Countries today are importing (buying) and exporting (selling) goods from each other more than ever before. This is because of an increase in “free trade.” If a country chooses to increase free trade, they are removing barriers that are stopping trade between countries.

Types of trade barriers include quotas and tariffs. Quotas impose a limit on how many of a good can be brought into a country. For example, a country may only let 500 German cars be bought.Tariffs are a tax on foreign companies who want to sell their good in your country. This makes it more expensive for the company to sell in your country so they sell fewer items.

WHY DO COUNTRIES HAVE TRADE BARRIERS?

The reason that countries often have these trade barriers is because they are protecting their own industries. If everyone is buying foreign imports, no one is buying the goods created locally so local businesses suffer and people become unemployed. For example, a higher tax on clothes imports means that local textiles industries are protected from competition.

However, free trade can also make people better off and the economy better off. This comes from the theory of comparative advantage.

COMPARATIVE ADVANTAGE

To understand comparative advantage, it is important to understand opportunity cost.

Opportunity cost: the loss of other alternatives when one alternative is chosen.

You can only choose to do one thing at a time. When you are doing that thing, you give up all the other alternatives you could have been doing. Imagine two people:

Person A takes 1 hour to paint a wall and Person B takes 2 hours.

Person A takes 2 hours to build a wall and Person B takes 2 hours too.

There is nothing that B is “absolutely” better at than A. However, every time person A builds a wall, he is giving up the opportunity to paint 2 walls since it takes 2 hours.

Every time person B builds a wall, he is only giving up the opportunity to paint 1.

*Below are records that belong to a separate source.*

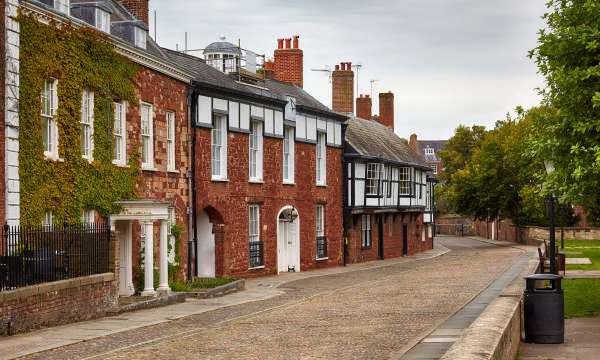 Houses Near Exeter Cathedral in Exeter South Devon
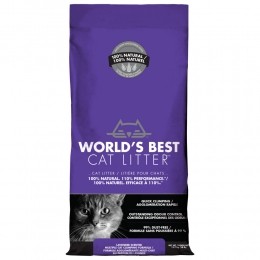 WorldsBestCatLitterKattenbakvullingLavender127kg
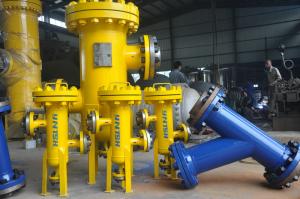 China BOCIN Industrial Gas - Liquid Separating Fuel Gas Filter Separator , OEM on sale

Therefore, A produces the most and gives up the least when he only paints. A has a comparative advantage in painting.

B gives up less than A when he builds and has a comparative advantage in building.

Therefore, if A and B both need houses built and painted, they are better off if they trade and A does all the painting while B does all the building than if they did everything on their own.

HOW DOES THIS RELATE TO FREE TRADE?

On the world market, if one country has a comparative advantage in making phones and the other in making shirts, it is more productive if they specialise and focus their economy on producing what they are good at and then trade to get what they need. This is because the opportunity cost is lowest. Each country is giving up the least they can to produce goods while still getting what they need by trading.

FREE TRADE’S GROWTH GLOBALLY AND IN AFRICA

Globally, free trade is increasing with 164 governments in the World Trade Organisation which encourages free trade. Agreements between countries to remove trade barriers are also increasing with 26 African countries signing an agreement in 2008 to be part of the African Free Trade Zone (AFTZ). Six countries in East Africa have also grouped together as the East African Community (EAC) and made a trade deal with the US.

Free trade is not perfect and not everybody is a winner from it. When trade barriers are removed, some businesses suffer from foreign competition who can produce goods more cheaply. For example, Uganda, which is part of the EAC, is trying to increase tariffs again on second-hand clothes to protect their textiles industry from the UK, US and China.

However, every country has something that they have a comparative advantage in and their opportunity cost is lower compared to other countries. Governments should encourage workers to move to industries where they have a comparative advantage. They should also choose which trade barriers to remove carefully to avoid large losses of jobs from foreign competition.